I get the vast majority of my gaming news directly from this news page and website, and I rarely, if ever, get it anywhere else.  I also read it every single day.  The only thing that I would change about it is splitting the card games off from the boardgaming news section, as not only do I not consider CCGs to be boardgames, but I also don't play any of them whereas I DO play boardgames.  If there was a CCG section I could just skip it entirely and read the boardgame section.


----------



## EtanMoonstar

One of my daily must-reads--as others have mentioned, this site has built up a lot of trust. I've really appreciated the recent addition of boardgaming news, btw (that, D&D news, and general rpg news are what I tend to read).


----------



## archastrel

Yes, please continue, this site is on my daily reading list.


----------



## Silver Griffin

I check the page every day.  It gives me a feel for what I want to look into more.


----------



## freyar

I read through it pretty much every day, like the other commenters.


----------



## Rhianni32

I'm one of the silent members.
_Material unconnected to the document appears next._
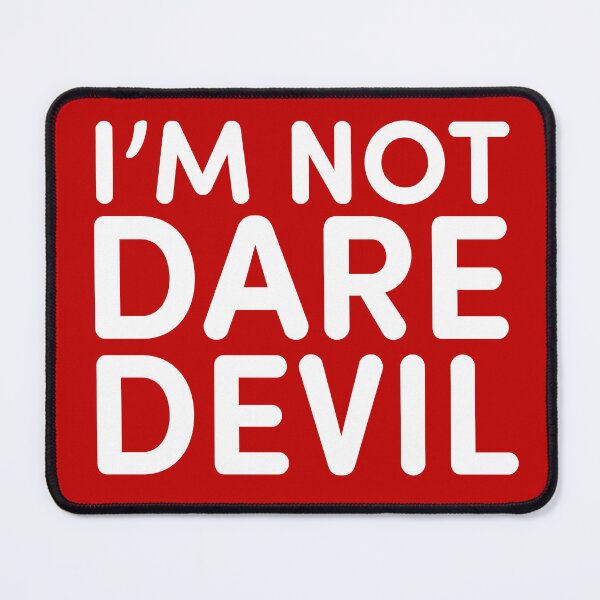 Item preview, I'M NOT DAREDEVIL designed and sold by drbobdoodles.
Don't really comment in forums and just read over the site. I really like the front news page and get a lot of use out of it.


----------



## NorthernPlague

I returned to D&D this past year after 25 years away and this news feed has been very helpful for me to follow the genre/market. Thank you.


----------



## PeelSeel2

One of the main attractions for me.  The forums are secondary.


----------



## rokeca

I come to this page every day for the news.Thanks to your efforts, I am exposed to new games and reviews and information that I wouldn't have discovered otherwise. Your work upgrading the news page is fantastic - the quality of news aggregation is the best I can recall (and I've been visiting this site for probably a decade). Visiting the page is something I look forward to each morning!


----------



## jacktannery

I read the D&D. Paizo and EN world sections of the news about once a week. I find it useful and would be sad to see it gone.


----------



## Shieldhaven

The news page is by far and away the most important part of the site for me, and I at least skim all sections.

Keep up the great work!
Haven


----------



## Gilladian

As many have said, I'm not a big facebook or twitter user; this is where I get my daily dose of gamer news. I don't read every bit of it every day, but I do skim it and follow up on articles that intrigue me.


----------



## Scotley

I do read the news most days. I'd read more often if I had more time. I don't go anywhere else for my gaming news. I hit Pazio's or Wizard's sites perhaps once for every 10 times I come to the main page here. I spend most of my time here on pbp gaming, but I do follow the news. My main interest is Pathfinder or D&D. I didn't fight in the edition wars and love all things D&D. I am also interested in 3rd party stuff, but not so much other games. Again mostly because of time constraints. I'm not on Facebook specifically because of the time factor. I usually only hit the twitter feed when I discover ENWorld is down. I like the columns, coming soon links and the Pretty Darn Fun stuff as well. I really like the recent activity widget for letting me see what people are talking about quickly. That damn time thing again. Keep up the good work. My one request beyond the news page is to get the dice roller back for play by posters!


----------



## Ramaster

It would be a pity to lose the news page, I check it out at least twice a day, and really miss it every time it's skipped. It helps me get a bunch of information without having to follow 20+ people/companies on facebook, tweeter, etc. I appreciate the effort that is put into it.


----------



## stevelabny

Get my RPG (and occasionally other geek news) from ENWorld, my board game news from BoardGameGeek (not that I'm against the coverage here, but its not as complete),  get comic book news from comic book sites, get Game of Thrones news from winteriscoming.  It keeps me from having to go to a "geek-catchall" page like IGN or something, where they will pick and choose which mainstream projects deserve mention. 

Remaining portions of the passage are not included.